# Just A Wannabe



## dazee (Apr 27, 2007)

Hi All, I found this site while researching outbacks, My DH and I saw one for the first time today. I wanted to find out what reputation they had. (Looks good so far). Please let me know what you think of the 26RLS if you own one. We were quoted a price of 18995.00 for the 2007. Is that good? Thanks in advance for your advice.


----------



## skippershe (May 22, 2006)

Hi dazee
















to Outbackers! 

We have the 28krs and couldn't be happier







It has certainly lived up to all of our expectations and then some!

Where are you all from? 
You might want to give Holman RV in Cincinatti, Ohio a call to get a quote from them, and then use that price to begin haggling with.

Happy Outback hunting and please keep us posted on your progress,


----------



## old_tidefan (Nov 23, 2005)

That is a very solid price for that model...and a very nice floor plan as well


----------



## Moosegut (Sep 24, 2005)

I would say that is a good price for that tt and if you live in the northeast, that's a VERY good price for that trailer. It's a nice, spacious floor plan and a layout I would like - but alas, the children.
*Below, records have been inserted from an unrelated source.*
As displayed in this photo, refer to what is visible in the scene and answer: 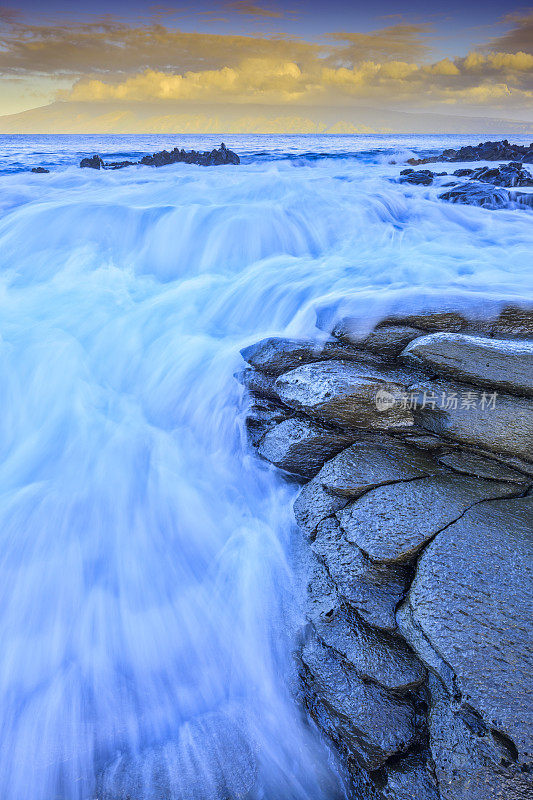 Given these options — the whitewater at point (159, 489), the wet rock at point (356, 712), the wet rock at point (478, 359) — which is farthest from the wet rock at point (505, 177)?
the wet rock at point (356, 712)

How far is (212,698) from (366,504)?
1.38 meters

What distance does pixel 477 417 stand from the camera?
129 inches

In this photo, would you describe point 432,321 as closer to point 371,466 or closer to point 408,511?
point 371,466

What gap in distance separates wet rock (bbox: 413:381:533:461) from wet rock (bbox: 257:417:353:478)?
632mm

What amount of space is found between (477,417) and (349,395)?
91 centimetres

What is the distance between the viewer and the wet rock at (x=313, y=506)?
10.1 feet

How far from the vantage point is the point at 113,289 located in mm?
7020

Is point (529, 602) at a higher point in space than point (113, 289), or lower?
lower

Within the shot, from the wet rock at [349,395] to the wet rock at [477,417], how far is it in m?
0.17

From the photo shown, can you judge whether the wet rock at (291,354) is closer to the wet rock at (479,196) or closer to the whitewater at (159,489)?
the whitewater at (159,489)

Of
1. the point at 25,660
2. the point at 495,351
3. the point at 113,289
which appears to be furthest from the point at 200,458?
the point at 113,289

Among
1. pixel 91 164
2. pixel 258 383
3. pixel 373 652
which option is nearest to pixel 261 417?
pixel 258 383

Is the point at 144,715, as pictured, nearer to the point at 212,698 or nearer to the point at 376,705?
the point at 212,698

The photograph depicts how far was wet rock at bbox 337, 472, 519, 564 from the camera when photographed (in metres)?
2.63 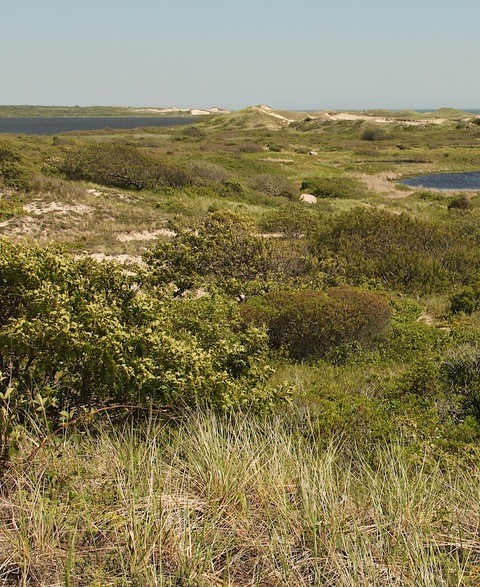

Can I assume there will be no little ones camping with you? If that is the case, that trailer is great.

Scott


----------



## Scrib (Jun 28, 2005)

howdy!


----------



## dazee (Apr 27, 2007)

Thank-you so much for your imput. We did call Holman R.V., we got a quote from them , and were able to actually get it for a lower price(18,000 out the door) We're very excited to get it home sometime this week.


----------



## jewel (May 16, 2005)

dazee said:


> Thank-you so much for your imput. We did call Holman R.V., we got a quote from them , and were able to actually get it for a lower price(18,000 out the door) We're very excited to get it home sometime this week.


WOOHOO Dazee!! Congratulations and welcome to the best site on the internet!














You are going to love your Outback! What a great price you picked it up for too! When is your frist trip??


----------



## chbcso (Dec 2, 2006)

Welcome to the OUTBACKERS!!!!


----------



## daslobo777 (Mar 24, 2007)

dazee -

You have picked the best TT on the road and have also found the best website on the 'net. Congratulations!!









We just took delivery of our new 07 23RS yesterday. You will find this website full of grat people and indespensible for information.


----------



## skippershe (May 22, 2006)

dazee said:


> Thank-you so much for your imput. We did call Holman R.V., we got a quote from them , and were able to actually get it for a lower price(18,000 out the door) We're very excited to get it home sometime this week.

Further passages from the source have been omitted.